- The records -
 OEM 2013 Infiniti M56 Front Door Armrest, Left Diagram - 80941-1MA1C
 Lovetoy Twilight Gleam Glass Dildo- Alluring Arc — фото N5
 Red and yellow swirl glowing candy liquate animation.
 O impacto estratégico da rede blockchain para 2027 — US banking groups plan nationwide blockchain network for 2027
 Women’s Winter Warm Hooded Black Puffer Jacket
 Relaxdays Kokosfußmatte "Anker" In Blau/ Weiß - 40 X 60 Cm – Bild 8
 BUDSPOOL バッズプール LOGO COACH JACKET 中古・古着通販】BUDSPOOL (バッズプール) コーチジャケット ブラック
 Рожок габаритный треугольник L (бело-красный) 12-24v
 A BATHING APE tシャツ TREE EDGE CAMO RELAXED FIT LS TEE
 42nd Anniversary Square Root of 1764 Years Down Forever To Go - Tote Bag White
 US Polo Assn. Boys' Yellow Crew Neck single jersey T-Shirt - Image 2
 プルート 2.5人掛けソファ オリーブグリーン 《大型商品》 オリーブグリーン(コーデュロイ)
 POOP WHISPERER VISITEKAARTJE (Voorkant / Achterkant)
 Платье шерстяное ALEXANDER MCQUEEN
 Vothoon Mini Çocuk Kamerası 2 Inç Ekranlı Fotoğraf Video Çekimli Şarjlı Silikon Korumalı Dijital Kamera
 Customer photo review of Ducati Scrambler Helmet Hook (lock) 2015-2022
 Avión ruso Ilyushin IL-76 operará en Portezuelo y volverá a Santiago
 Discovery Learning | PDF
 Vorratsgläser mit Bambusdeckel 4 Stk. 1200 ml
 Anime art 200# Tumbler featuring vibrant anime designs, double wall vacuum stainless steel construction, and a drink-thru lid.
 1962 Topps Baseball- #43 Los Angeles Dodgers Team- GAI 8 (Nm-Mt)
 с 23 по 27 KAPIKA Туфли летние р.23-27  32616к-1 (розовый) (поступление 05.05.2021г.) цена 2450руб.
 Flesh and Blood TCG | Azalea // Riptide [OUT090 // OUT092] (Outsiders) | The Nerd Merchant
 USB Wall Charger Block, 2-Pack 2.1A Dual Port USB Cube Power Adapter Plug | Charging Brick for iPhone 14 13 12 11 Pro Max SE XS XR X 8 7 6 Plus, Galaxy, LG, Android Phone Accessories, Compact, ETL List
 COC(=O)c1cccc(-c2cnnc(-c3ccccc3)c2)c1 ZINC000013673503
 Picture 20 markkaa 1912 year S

- Required work -
Take the entries above and return only the lines from the one with "42nd Anniversary Square" to the one with "Платье шерстяное ALEXANDER MCQUEEN", both included, unchanged.

- Output for this exercise -
 42nd Anniversary Square Root of 1764 Years Down Forever To Go - Tote Bag White
 US Polo Assn. Boys' Yellow Crew Neck single jersey T-Shirt - Image 2
 プルート 2.5人掛けソファ オリーブグリーン 《大型商品》 オリーブグリーン(コーデュロイ)
 POOP WHISPERER VISITEKAARTJE (Voorkant / Achterkant)
 Платье шерстяное ALEXANDER MCQUEEN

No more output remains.